## WHAT TO PRODUCE
In the listing that follows, print every line exactly and leave the images out.

## EXTRACTED INFORMATION
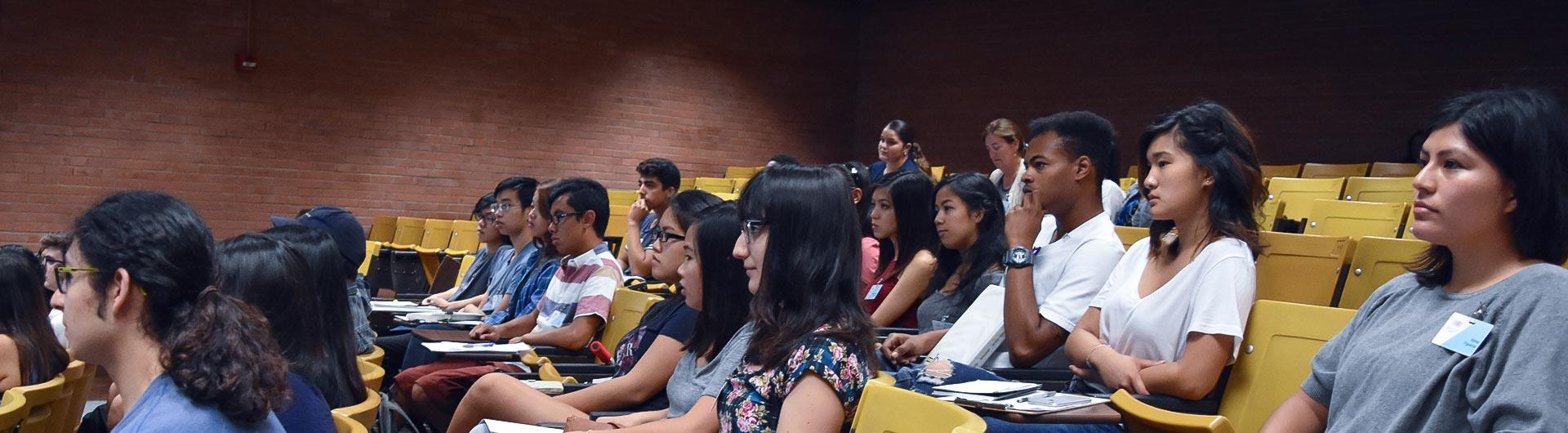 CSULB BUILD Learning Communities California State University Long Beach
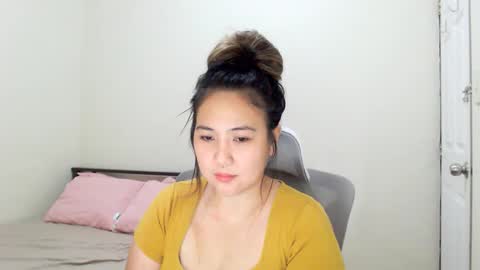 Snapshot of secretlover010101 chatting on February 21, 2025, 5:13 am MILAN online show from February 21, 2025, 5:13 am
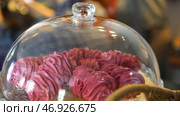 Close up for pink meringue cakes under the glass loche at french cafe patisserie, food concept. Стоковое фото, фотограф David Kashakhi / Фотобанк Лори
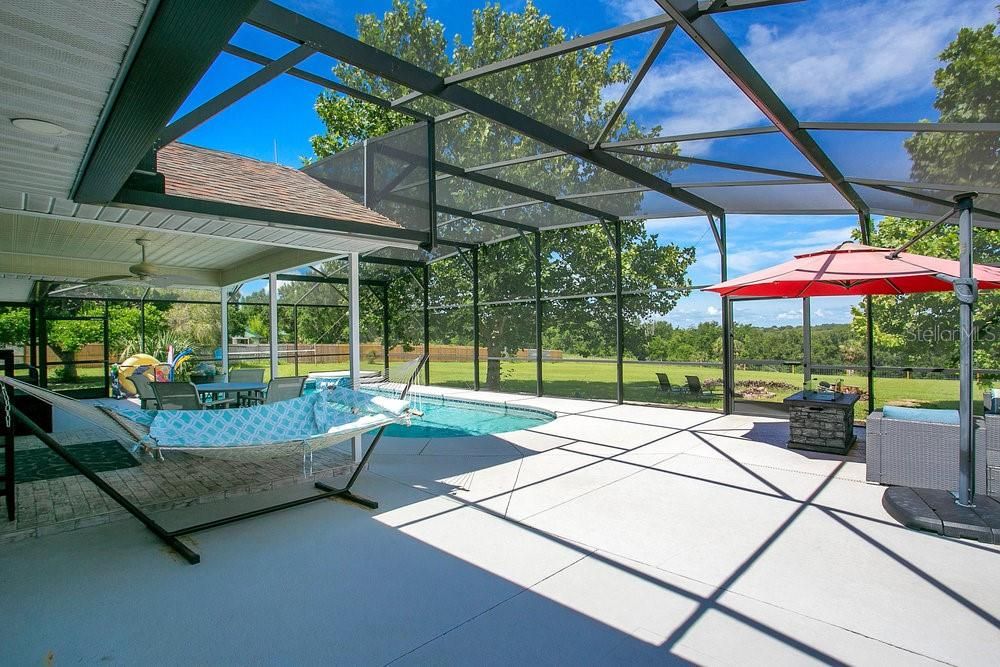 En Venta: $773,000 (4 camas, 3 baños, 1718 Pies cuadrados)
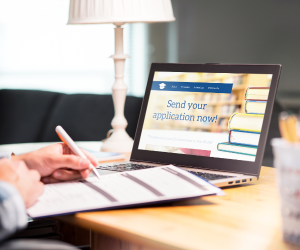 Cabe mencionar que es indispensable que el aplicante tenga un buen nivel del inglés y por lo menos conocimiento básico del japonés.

## SOLUTION TO THIS PROBLEM
 CSULB BUILD Learning Communities California State University Long Beach
 Snapshot of secretlover010101 chatting on February 21, 2025, 5:13 am MILAN online show from February 21, 2025, 5:13 am
 Close up for pink meringue cakes under the glass loche at french cafe patisserie, food concept. Стоковое фото, фотограф David Kashakhi / Фотобанк Лори
 En Venta: $773,000 (4 camas, 3 baños, 1718 Pies cuadrados)
 Cabe mencionar que es indispensable que el aplicante tenga un buen nivel del inglés y por lo menos conocimiento básico del japonés.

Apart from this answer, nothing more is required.